Come on now. Make whatever plea you want, but do it without twisting the facts.
Middle class income essentially has remained flat, not decreased. That's stangnancy, not decline. Far from ideal, no question, but also not as bad as you're depicting it.
The marginal tax rates were notably higher in 1970 than they are and have been over the past decade.
- 1970
- $25K AGI - Married filing jointly --> 25% marginal rate
- $25K AGI - Single --> 50% marginal rate
- $50K AGI - Married filing jointly --> 50% marginal rate
- $50K AGI - Single --> 62% marginal rate
- 2013
- $50K AGI - Married filing jointly (MFJ) & Single (S) --> 15% (it's 15% from ~$18K up to $72.5K for MFJ, and for ~$9K up to $38.25 for S filers)

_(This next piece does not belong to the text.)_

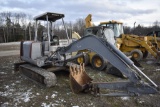 Takeuchi TB035 Mini Excavator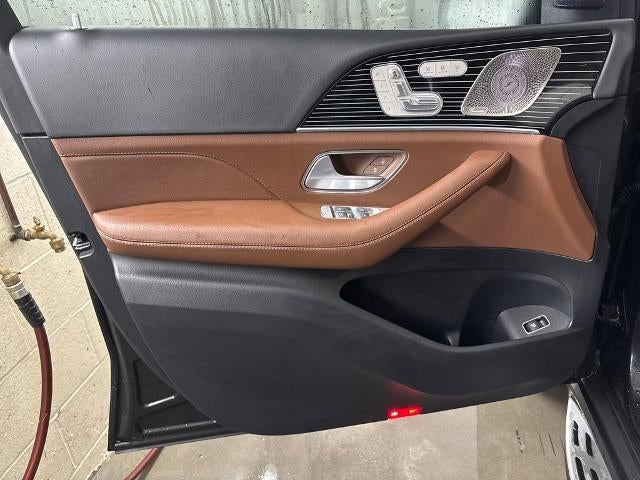 2025 Mercedes-Benz GLS 450 4MATIC®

So how is it that anything can be considered a decline after taxes when the chunk of income taxes take, when adjusting for inflation wages have been flat and tax rates have decreased by anywhere from 10% to ~50%?
The most likely culprit, if there's going to be one, is that prices have risen faster than have wages, and indeed, one can check the CPI and see the purchasing power of the dollar has fallen.
The thing to be aware of, however, is that for as much as goods prices have outpaced labor prices (wages), things would be worse were we not to have policies in place that keep goods prices lower than they would be absent those very same policies. What I'm speaking of here is free trade, the very purpose of which is to keep goods prices low, and that is in fact what it does.
Now free trade increases competition among workers, thus doing what competition does...in the case of wages it increases the pressure for workers to either work more (harder, or longer or smarter, etc.) or exit the labor market segment in which they are unsatisfied with their wage and enter a different segment of the labor market, or join the ranks of the capitalists and buy labor instead of selling it, or apply a combination of those actions.
Some folks might respond, "Well, if one has a job doing X, and their wages hold steady in a climate of increasing prices, how are they supposed to have the means to make any of those changes?" I cannot deny that doing so is difficult, very difficult perhaps; however, I will ask in return, "Why was one part of that wage class to begin with?"
What am I getting at by asking that? Several things.
- First, individuals in some classes find themselves in those classes/positions due to forces above and beyond their individual ability to control. For example, women, who even now must as a class endure the "glass ceiling" and wages that are only ~79% of men's wages. No individual woman is going to be able to overcome that for the good of women in general, even if that given woman overcomes it for herself.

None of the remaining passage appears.